A University of Minnesota center was selected to audit the panel that reviews complaints against the St. Paul Police Department, Mayor Chris Coleman’s office announced Friday.
The University’s Center for Restorative Justice and Peacemaking will produce a report on the effectiveness of the St. Paul Police-Civilian Internal Affairs Review Commission given the panel’s “current make-up,” according to a press release from the mayor’s office.
The panel is made up of five community members and two members of the St. Paul Police Federation. It reviews complaints made against St. Paul police officers to ensure accountability of both officers and civilians.
“Some of the founding members of the PCIARC were asking if the process needed to evolve a bit,” said Tonya Tennessen, the mayor’s communications director.

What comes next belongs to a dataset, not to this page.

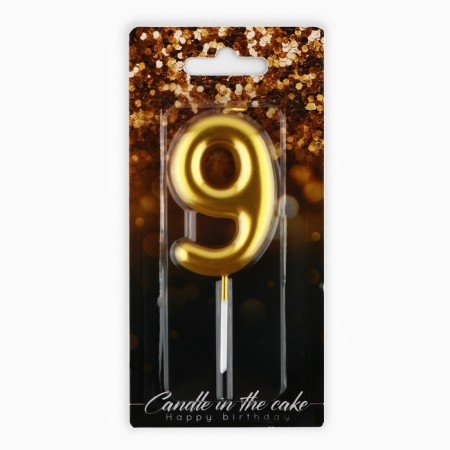 Candle for a cake, number “9”, gold, 4 x 10 cm.-2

The mayor’s office selected the Center for Restorative Justice to address those concerns because of its success in engaging different communities, Tennessen said.
The center helps promote dialogue across communities in response to hate crimes and intolerance.
Coleman’s office expects the auditors to interview past and present commission members. The reviewers are expected to release their preliminary findings in August or September.
A video surfaced last August that showed St. Paul police officers using a stun gun while arresting a man in a St. Paul skyway. The video spurred backlash from the community over the officers’ conduct.
Coleman requested that PCIARC conduct a review of the incident. The panel found that the allegations of police misconduct were unfounded.
The panel doesn’t replace a grand jury or take on any work that the Ramsey County Attorney’s Office typically does, the release said.